《一往情深的爱人》

下载本书

添加书签

一往情深的爱人- 第37部分


按键盘上方向键 ← 或 → 可快速上下翻页,按键盘上的 Enter 键可回到本书目录页,按键盘上方向键 ↑ 可回到本页顶部!

仿佛过了很久,又好象,眨眼一瞬。
他笑起来。
软和而虚弱的一笑,就此泯去无数伤痛疲累,让我的歉疚、愧悔还来不及说出口,就湮灭在了那片能包容所有的笑容里。


、第 39 章(全章修改)

阮晨茵在我没有催促的情况下主动来财务行政中心报到。

衣着如旧朴素,只不过;基于在靳氏领取了好几个月的高薪之后还是这种风格;多少沾染有刻意的成分。最特别是那件高领毛衫,将胸脖位置包裹得严严实实,虽不应已渐变暖和的当季;却让整个人摆显出一标准的良家妇女形象,保守贤静。
良家妇女,保守贤静?我心里暗自冷笑;想起带她进公司给靳逸明当助理的那一天;那么冷的天气;她穿的却是件超低胸针织衫,配外翻领外套;好象没戴挂饰吧?哦;有的,她胸口那抹妖娆而高挺的曲线就是最恰当、最诱人的挂饰。
母亲艺术与深沉的结合很好地传承在了她身上。阮晨茵是聪慧的,她清楚地知道应该在什么人面前展露自己什么样的特性,靳逸明是男人,是她一直以来孜孜求取的对象,所以,她给他一个女人全身上下最出挑的魅惑;我是女人,是她目前这阶段必须自觉自愿伏首应诺的上司,所以,她给我一个败者最含蓄的示弱。
她在向我示弱,希望我能善待她,在我和她一而再撕下所有伪装,就差象泼妇骂街般那样对峙交锋之后?
不是她天真,而是她在以一种更直白的方式挑战我。
真有意思,这个对手。
我突然有了些欢喜,轻易打败纪家姐弟的空虚开始被另一种期待充填。我甚至有些怀疑:靳逸明所谓被她拿捏住的短处不过是他为了把她奉上祭坛的顺水推舟。
真是这样的话,我更没有任何理由拒绝用她祭奠我曾失落的一切了。
当然,前提是我得有那本事。

想得我心花怒放、跃跃欲试,对靳逸明仅有的几丝幽怨直接升华成了感激。
我弯起唇角,带出不想掩也掩不住的嘲讽,叠起双腿跷上办公桌,懒懒看着她,“他点着要我把副手的职务给你耶。”
阮晨茵抿抿嘴角,不接话。
我猜不出她心里是得意还是惶恐。
“为什么要到我这儿来?给他做助理不正好可以近水楼台先得月?”我仰入椅背,直接了当问。
“我想试试,看你能做到的,我能不能做到。”
回答比提问还直接。
这个对手有意思,真是太有意思了。
我喜欢。
“在我手下做事,会很辛苦的哟。”我提醒道。
阮晨茵脸色不变地说,“梅花香从苦寒来。我知道杨总能坐上今天这个位置,并不是外界风传的所谓魅主惑上那么简单,一分耕耘,一分收获;一分付出,一分回报。我不怕辛苦,我只谢谢杨总肯给我一个近身学习的机会。”
这女人真是个千面妖精,明明之前还在和我吹胡子瞪眼只为不去抽查“创信”,转眼之间就可以弯下腰身恭敬谦卑。在这一点上,她比我强,我才应该向她学习。
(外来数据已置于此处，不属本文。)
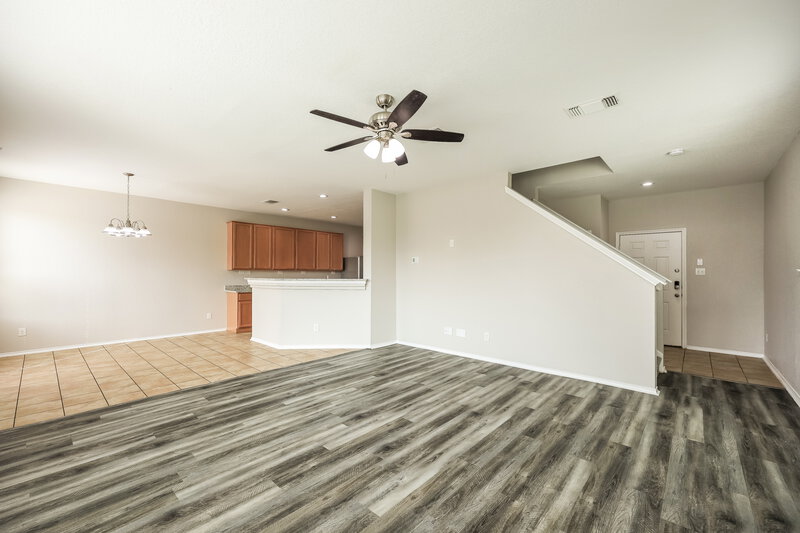 1,440/Mo, 4530 Wrangler Run San Antonio, TX 78223 Living Room View 4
“不错,你也就只在家里狠。”晚上,听我八卦完毕之后,靳逸明点头总结。
我不服气,气咻咻撑起身,叉腰站在床上。
靳逸明躺边上继续看一份合同草案,没有理睬我的苗头。
我看在你才出院的份上不和你计较,我看在你才出院的份上不和你计较,自说自话,自己给自己找下台阶,我又慢慢躺下来,背对着他,赌气自己玩自己的手指。
他用胳膊肘碰碰我。
我哼了一声,不理。
“去给我倒杯水,我口渴。”他搡搡我。
“床头柜上有。”我凶巴巴低吼。
那头静了会,跟着,我听见他打开保温杯喝水的声音。
“嘴里没味,去给我搁点蜂蜜。”他又搡我。
我转过身,恶狠狠瞪他。
他毫不示弱地回视我。
“你狠!”我垂下头,从他手里接过杯子。
他扑哧笑开,取回杯子,单手搂住我。
我委委屈屈伏在他胸前呜呜叫着摇尾乞怜。
还有谁说我是家里狠?还有谁说我是家里狠?我咬死他。

“你准备怎么安排她?”靳逸明嗅着我的头发,平静发问。
“财务行政中心特别助理呵,主抓财务工作。不你许的职位吗?”我酸溜溜回一句,想想又补充说,“我把谢波拨给她了。”
“谢波?”他又卷起我的一缕头发绕在手指间玩儿,不紧不慢地问,“为什么是他?”
是呵,于公于私,似乎都更应该是余燕,她是老臣子,精干又忠诚,调给阮晨茵,等于说我在她身边装了颗监视器,无论她做什么都逃不掉被我知晓,相比之下,谢波过去的作用似乎就要小得多。
那为什么我还是把谢波划了过去。
我可不可以这样赤裸裸地摊开出来和靳逸明分析?
吐吐舌头,我假装深沉地咳了一声,说,“嗯,从原因方面来说,这个第一嘛,我对小叔叔介绍的人的能力还是持肯定态度滴,第二嘛……。”
靳逸明将合同草案扔到一边,抓住我的手指放在嘴里轻轻咬,咬得我又痒又麻,忍不住笑出声。
“是什么?”他问得含含糊糊。
“第二嘛,阮晨茵耶,可是我曾经的准小婶婶喔,我应该信任她的啊……。”
靳逸明下了些气力咬,我疼得“啊呀呀”地笑着叫起来。
“继续。”他哑了声音。
我挠头,“还有?第三,第三……,噢,那第三……。”
靳逸明抬头,皱起眉。
“我正在想,我正在想。”我忙不迭解释。
他的目光中霹雳出火星,“我是要你继续叫。”
我捂脸。
放开手时,已是满脸“春”色,故作扭捏地含笑咬唇,“那,官人,也要你咬对地方哦。”
靳逸明张开血盆大嘴,一口往我胸脯咬去。
我放声高叫……。

其实,同样没弄懂我意图的人,还有阮晨茵。
就在今天早上,当我把这个决定告诉她时,她脸上转瞬即逝的惊诧泄露了内心的困惑。
她和靳逸明猜测的一样,都觉得我要么会把她放边上凉快着,要么会给她个虚职,再找个信得过的人搁过去监视。
靳逸明是怎么想的我不管,对于阮晨茵来说,如果我的每一步都在她的掌控中,那这盘棋还有什么下下去的意义?我直接认输了得。
所以,我偏偏出人意料地调了谢波给她。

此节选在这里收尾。